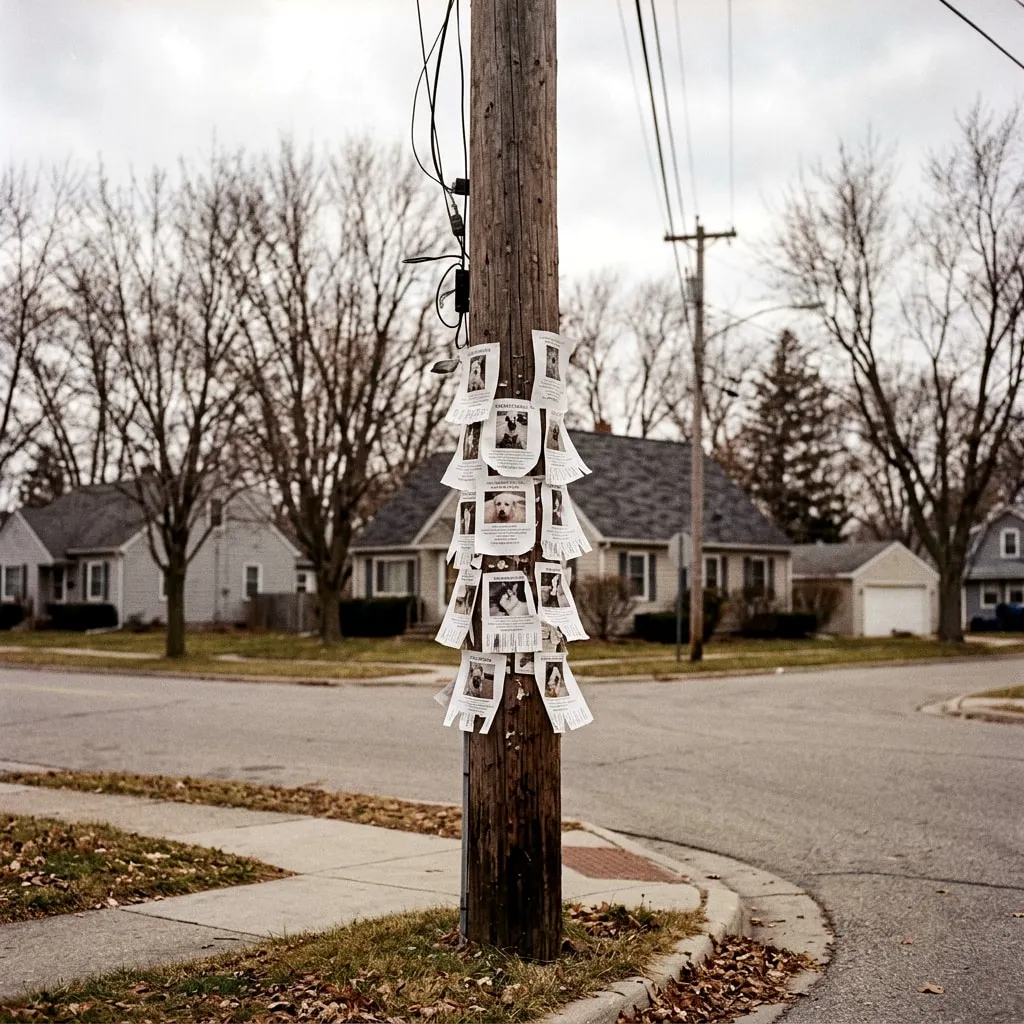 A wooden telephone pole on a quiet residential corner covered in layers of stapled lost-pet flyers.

...

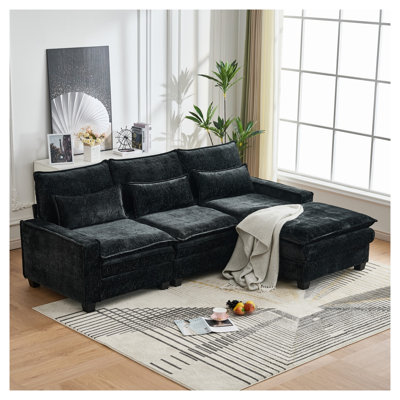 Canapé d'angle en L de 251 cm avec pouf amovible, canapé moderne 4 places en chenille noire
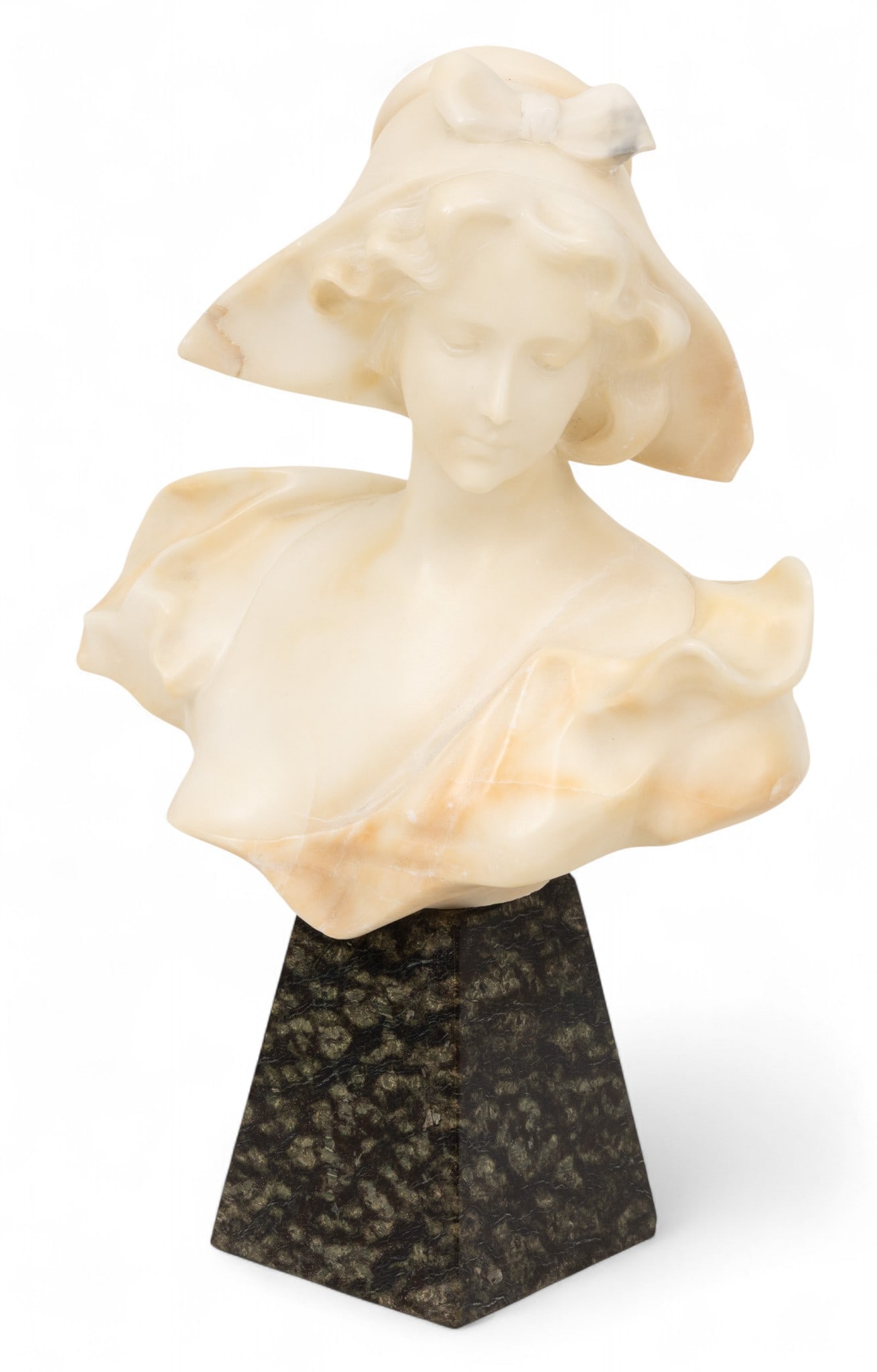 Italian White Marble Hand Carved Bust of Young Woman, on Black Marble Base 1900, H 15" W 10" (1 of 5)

==

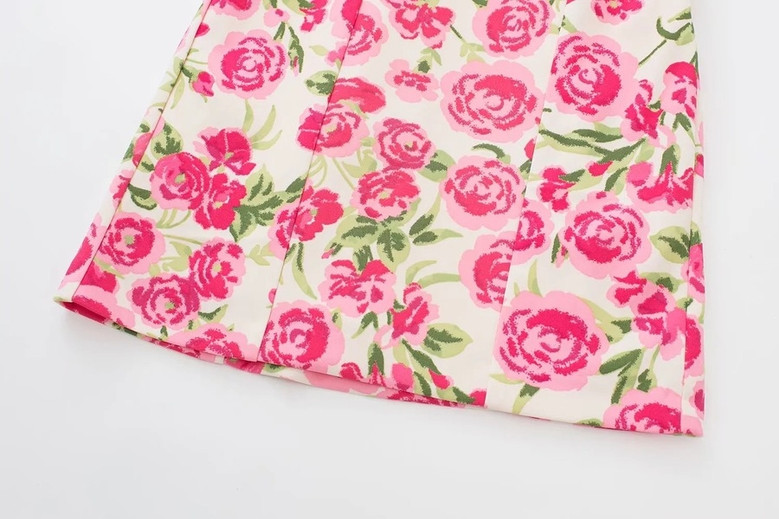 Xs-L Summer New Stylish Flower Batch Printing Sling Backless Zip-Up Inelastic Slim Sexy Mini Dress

● TASK INSTRUCTIONS
Take only the lines above from the one that has "Canapé d'angle en" through the one that has "Italian White Marble" and reproduce them exactly, omitting any pictures.

● YOUR SOLUTION
 Canapé d'angle en L de 251 cm avec pouf amovible, canapé moderne 4 places en chenille noire
 Italian White Marble Hand Carved Bust of Young Woman, on Black Marble Base 1900, H 15" W 10" (1 of 5)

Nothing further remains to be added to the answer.